===== Information supplied =====

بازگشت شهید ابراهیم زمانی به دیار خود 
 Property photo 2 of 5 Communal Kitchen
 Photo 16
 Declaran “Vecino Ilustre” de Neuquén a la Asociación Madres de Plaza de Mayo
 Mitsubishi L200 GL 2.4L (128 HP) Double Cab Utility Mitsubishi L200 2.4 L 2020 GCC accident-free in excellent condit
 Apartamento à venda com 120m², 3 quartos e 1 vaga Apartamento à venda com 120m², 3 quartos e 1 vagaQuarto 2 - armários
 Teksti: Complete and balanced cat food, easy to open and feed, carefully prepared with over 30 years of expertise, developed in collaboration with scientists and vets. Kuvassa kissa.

=====

Task description ::
Go through the listing and transcribe all of it exactly.

Written answer ::
بازگشت شهید ابراهیم زمانی به دیار خود 
 Property photo 2 of 5 Communal Kitchen
 Photo 16
 Declaran “Vecino Ilustre” de Neuquén a la Asociación Madres de Plaza de Mayo
 Mitsubishi L200 GL 2.4L (128 HP) Double Cab Utility Mitsubishi L200 2.4 L 2020 GCC accident-free in excellent condit
 Apartamento à venda com 120m², 3 quartos e 1 vaga Apartamento à venda com 120m², 3 quartos e 1 vagaQuarto 2 - armários
 Teksti: Complete and balanced cat food, easy to open and feed, carefully prepared with over 30 years of expertise, developed in collaboration with scientists and vets. Kuvassa kissa.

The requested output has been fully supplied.